Why Inference Is Now Nvidia's Urgent Priority
For most of AI's recent history, the dominant computational challenge was training — feeding enormous datasets through neural networks over days or weeks. Inference, the process of actually running a trained model in response to a user query, was treated as the cheaper, simpler cousin. That calculus has changed. As AI applications scale to hundreds of millions of users, and as reasoning models run multiple inference passes before producing a single output, the demand for fast, low-latency inference has become a defining constraint.
"Now that AI is able to do productive work, the inflection point of inference has arrived," Huang told the crowd.
Unlike training, inference cannot be batched across days. It must respond to a user's query in real time, making latency — not raw throughput — the metric that matters most. This requirement shapes every architectural decision in a chip designed for inference work.
How the Groq 3 LPU Works
Groq's core architectural insight is straightforward: move memory onto the chip itself, and eliminate the back-and-forth that slows conventional GPU designs. Where Nvidia's Rubin GPU relies on 288 gigabytes of high-bandwidth memory (HBM) sitting adjacent to the processor, the Groq 3 LPU uses just 500 megabytes of on-chip SRAM. That sounds like a dramatic downgrade — until you look at the bandwidth numbers.

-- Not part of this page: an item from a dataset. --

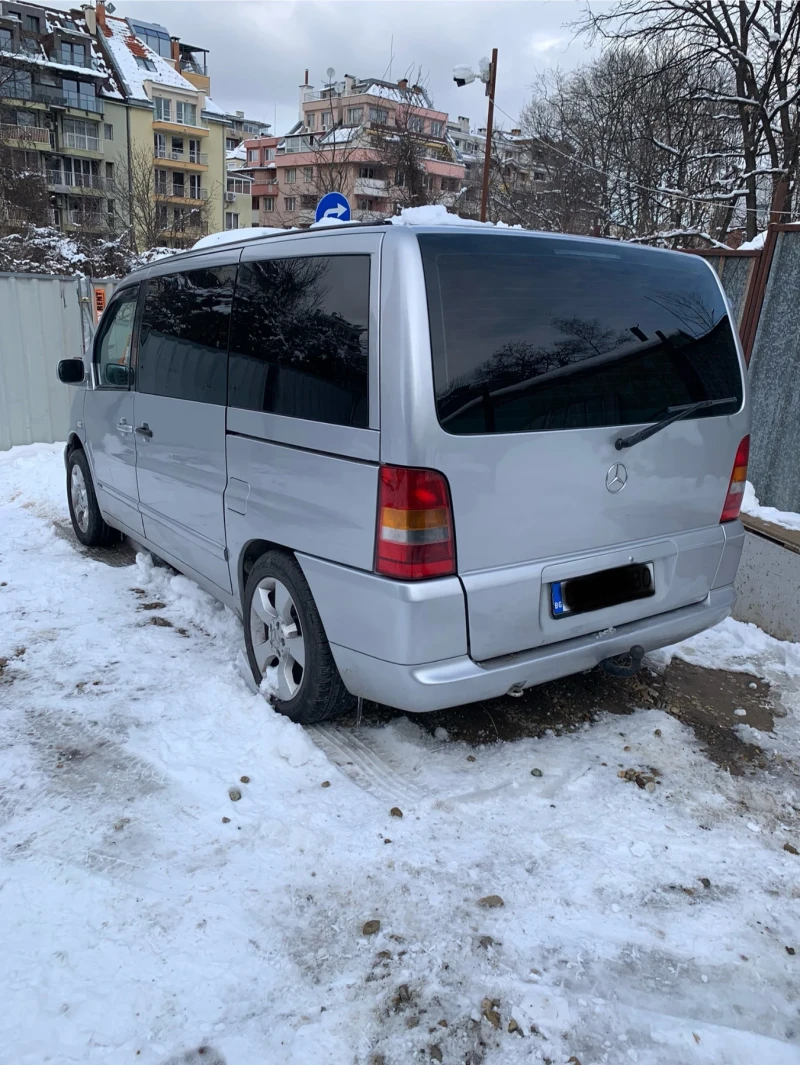 Mercedes-Benz Vito 220CDI, снимка 4 - Бусове и автобуси - 49216575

The Rubin GPU achieves 22 terabytes per second of memory bandwidth. The Groq 3 LPU delivers 150 terabytes per second — approximately seven times faster — because data flows directly through the SRAM in a linear, deterministic sequence rather than shuttling off-chip and back. "The data actually flows directly through the SRAM," said Mark Heaps, formerly chief technology evangelist at Groq and now director of developer marketing at Nvidia. "We don't have that [off-chip round-trip]. It all passes through in a linear order."

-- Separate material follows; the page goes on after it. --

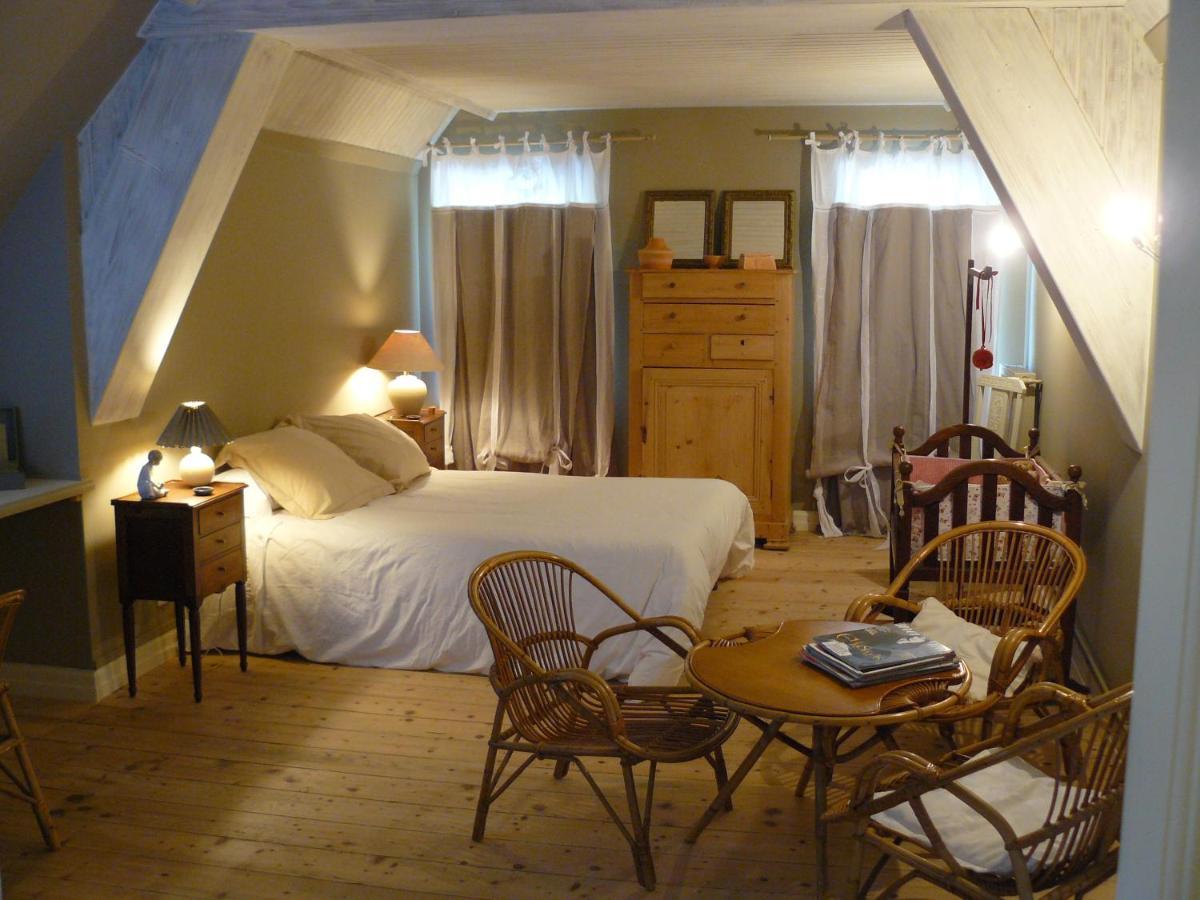 Le Manoir Sur La Roche, 74, Impasse Du Manoir, 71520 Navour Sur Grosne D121 Acomodação com café da manhã Clermain Exterior foto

The trade-off is raw compute power. The Rubin GPU is capable of 50 petaFLOPS of 4-bit computation; the Groq 3 LPU delivers 1.2 petaFLOPS of 8-bit computation. For inference workloads, that trade is considered practical.
The Rise of Inference Disaggregation
Nvidia is not simply swapping GPUs for LPUs. Its new Groq 3 LPX compute tray pairs 8 Groq 3 LPUs with a single Vera Rubin unit — combining Rubin GPUs with a Vera CPU — and takes advantage of a technique called inference disaggregation. This approach splits inference into two distinct phases: prefill, which processes the incoming prompt and is computationally intensive but memory-bandwidth-light; and decode, which generates the output token by token and demands high memory bandwidth.

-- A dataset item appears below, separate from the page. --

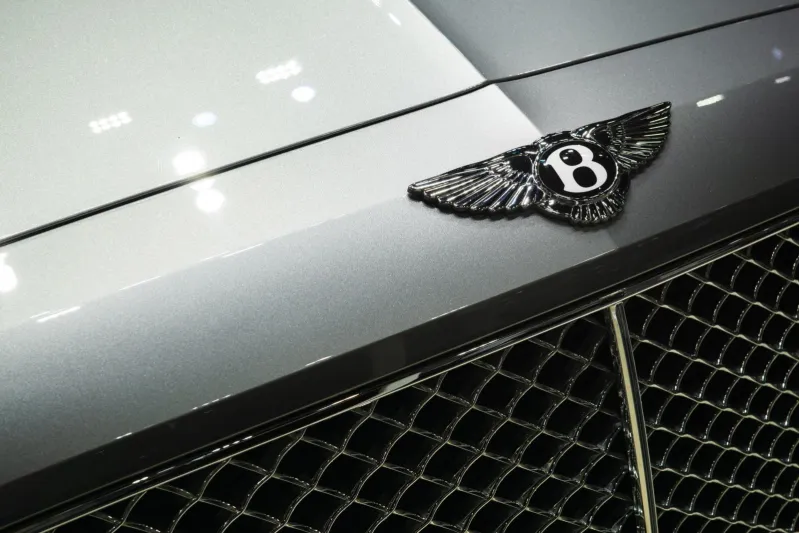 بنتلي تقترب من الكشف عن سعر أول SUV كهربائية لها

In the LPX tray, prefill and the compute-heavy portions of decode run on Vera Rubin, while the final decode stage runs on the Groq 3 LPU. Each component performs its specialized function. "We're in volume production now," Huang confirmed.
Amazon Web Services announced a parallel approach the same week, pairing its Trainium AI accelerator with Cerebras Systems' CS-3 chip — built around the largest single chip ever manufactured — to exploit the same prefill/decode split. Cerebras addresses the memory bandwidth bottleneck by integrating 44 gigabytes of SRAM connected by a 21 petabytes-per-second internal network.
A Crowded Field Watches Nvidia Validate the Market
The Groq 3 announcement comes amid a period of significant growth in inference-focused chip startups. Companies including d-Matrix (digital in-memory compute), Etched (transformer-specific ASICs), RainAI (neuromorphic chips), EnCharge (analog in-memory compute), Tensordyne (logarithmic arithmetic), and FuriosaAI (tensor-optimised hardware) have each pursued distinct architectural approaches to the inference market.
Nvidia's move validates the space but also raises competitive pressure. "Nvidia's announcement validates the importance of SRAM-based architectures for large-scale inference, and no one has pushed SRAM density further than d-Matrix," said d-Matrix CEO Sid Sheth. Sheth argues that data centre customers will ultimately deploy a mix of silicon rather than a single winner-takes-all chip. "The winning systems will combine different types of silicon and fit easily into existing data centers alongside GPUs."
That view is consistent with Nvidia's own LPX tray design, which treats the LPU not as a replacement for the GPU but as a complement to it.
What This Means
Nvidia's $20 billion commitment to Groq architecture — and its rapid productization into a shipping system — confirms that the centre of gravity in AI computing is shifting from model training to real-world deployment at scale, and that low-latency inference hardware is now a strategic priority for the industry's dominant player.